Stored entries
──────────
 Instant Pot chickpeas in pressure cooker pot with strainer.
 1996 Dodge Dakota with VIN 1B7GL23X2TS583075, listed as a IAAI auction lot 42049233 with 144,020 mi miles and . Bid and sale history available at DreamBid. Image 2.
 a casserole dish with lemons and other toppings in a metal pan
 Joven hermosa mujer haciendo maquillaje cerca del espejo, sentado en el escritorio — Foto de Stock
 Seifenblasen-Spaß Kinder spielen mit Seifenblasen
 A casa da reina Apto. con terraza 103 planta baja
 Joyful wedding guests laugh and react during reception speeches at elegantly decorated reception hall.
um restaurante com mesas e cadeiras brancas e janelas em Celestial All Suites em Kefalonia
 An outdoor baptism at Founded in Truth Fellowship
──────────
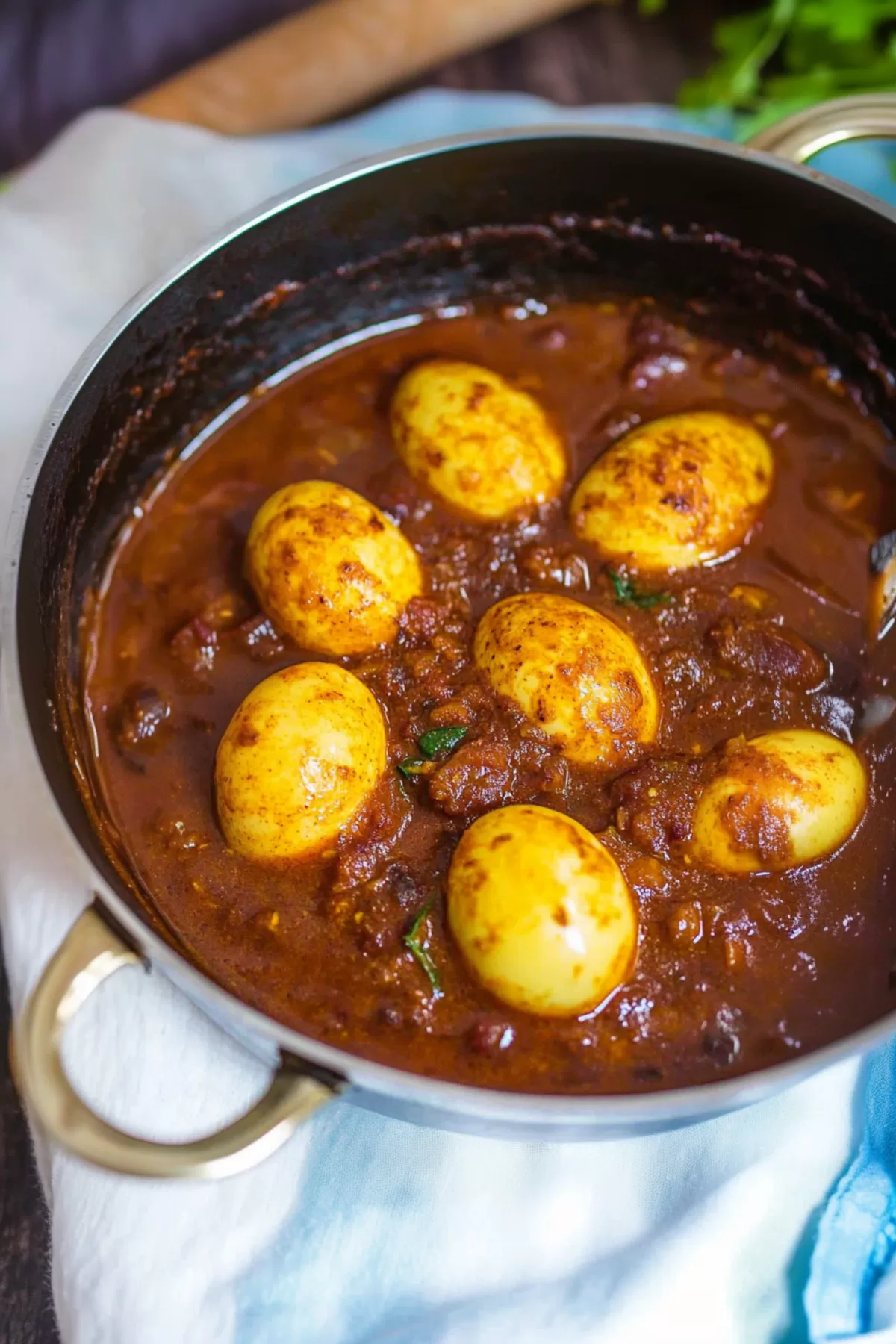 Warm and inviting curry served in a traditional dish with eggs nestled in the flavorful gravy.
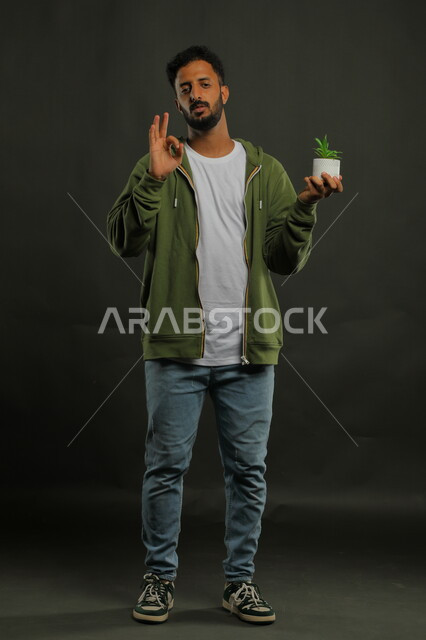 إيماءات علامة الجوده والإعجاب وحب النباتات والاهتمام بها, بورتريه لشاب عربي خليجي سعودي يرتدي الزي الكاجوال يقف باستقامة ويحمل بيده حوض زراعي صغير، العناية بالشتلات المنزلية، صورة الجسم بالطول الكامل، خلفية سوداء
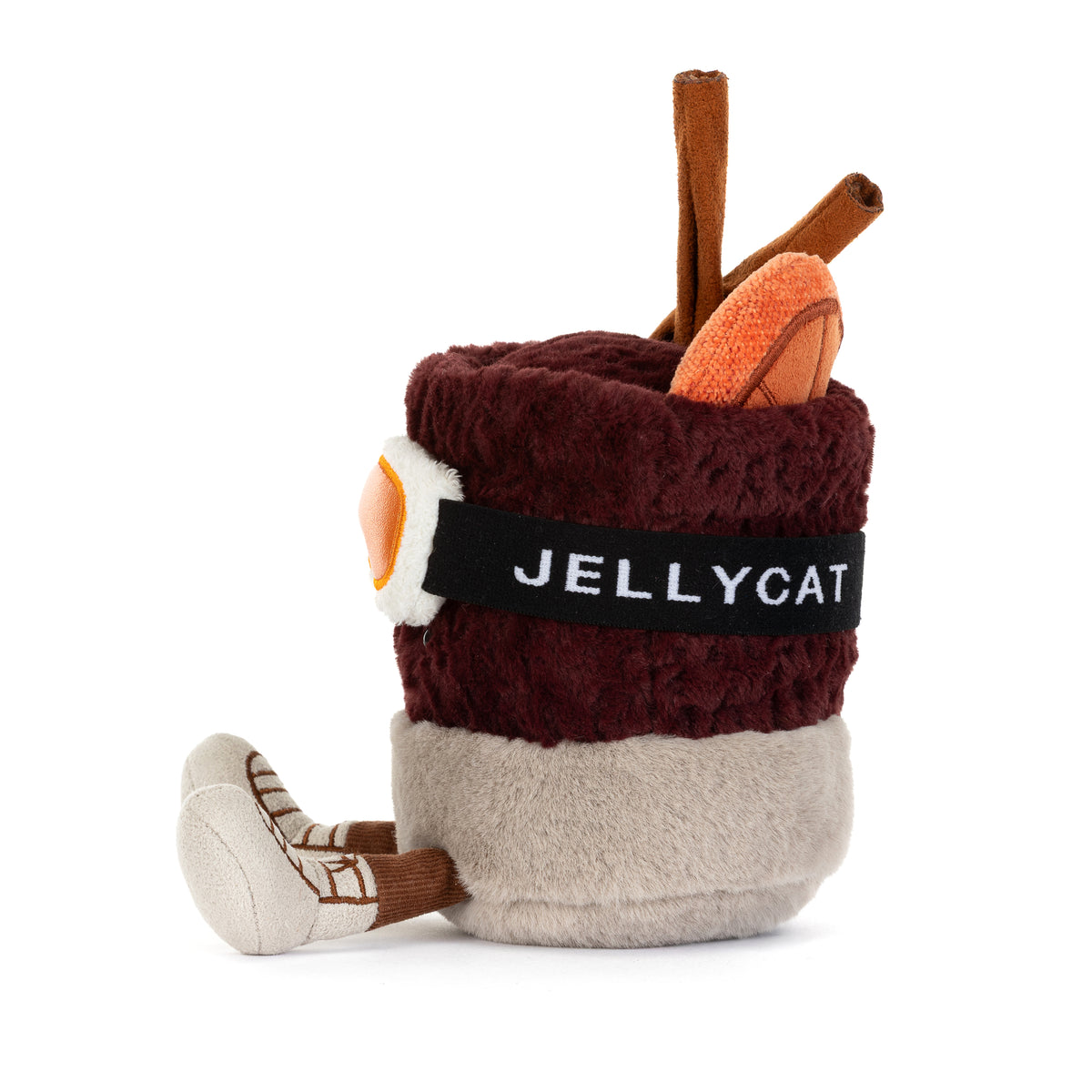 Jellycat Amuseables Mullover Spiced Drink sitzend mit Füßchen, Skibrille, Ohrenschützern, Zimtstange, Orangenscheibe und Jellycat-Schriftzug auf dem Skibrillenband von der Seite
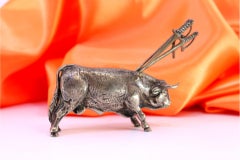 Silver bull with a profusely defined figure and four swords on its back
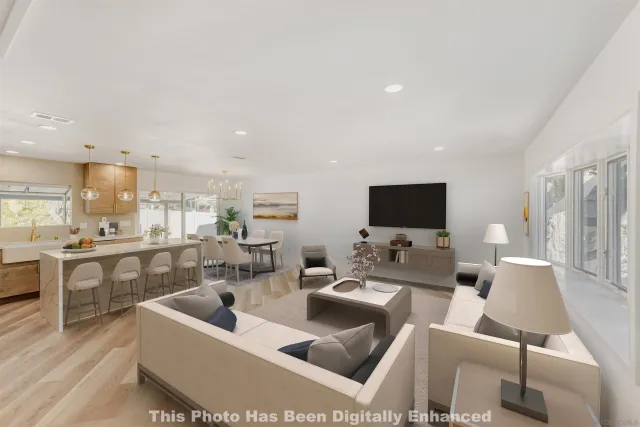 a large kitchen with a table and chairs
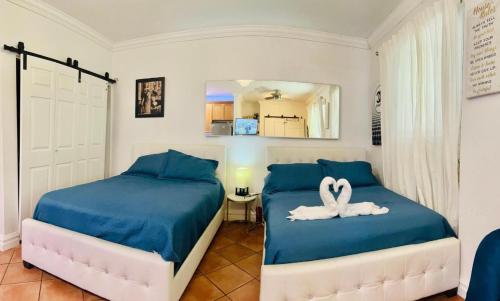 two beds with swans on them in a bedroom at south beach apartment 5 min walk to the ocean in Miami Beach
──────────
→ Brief
From the records above, retype only the lines starting at the line that contains "Joyful wedding guests" and ending at the line that contains "An outdoor baptism", both included.

→ Reply to the task
 Joyful wedding guests laugh and react during reception speeches at elegantly decorated reception hall.
um restaurante com mesas e cadeiras brancas e janelas em Celestial All Suites em Kefalonia
 An outdoor baptism at Founded in Truth Fellowship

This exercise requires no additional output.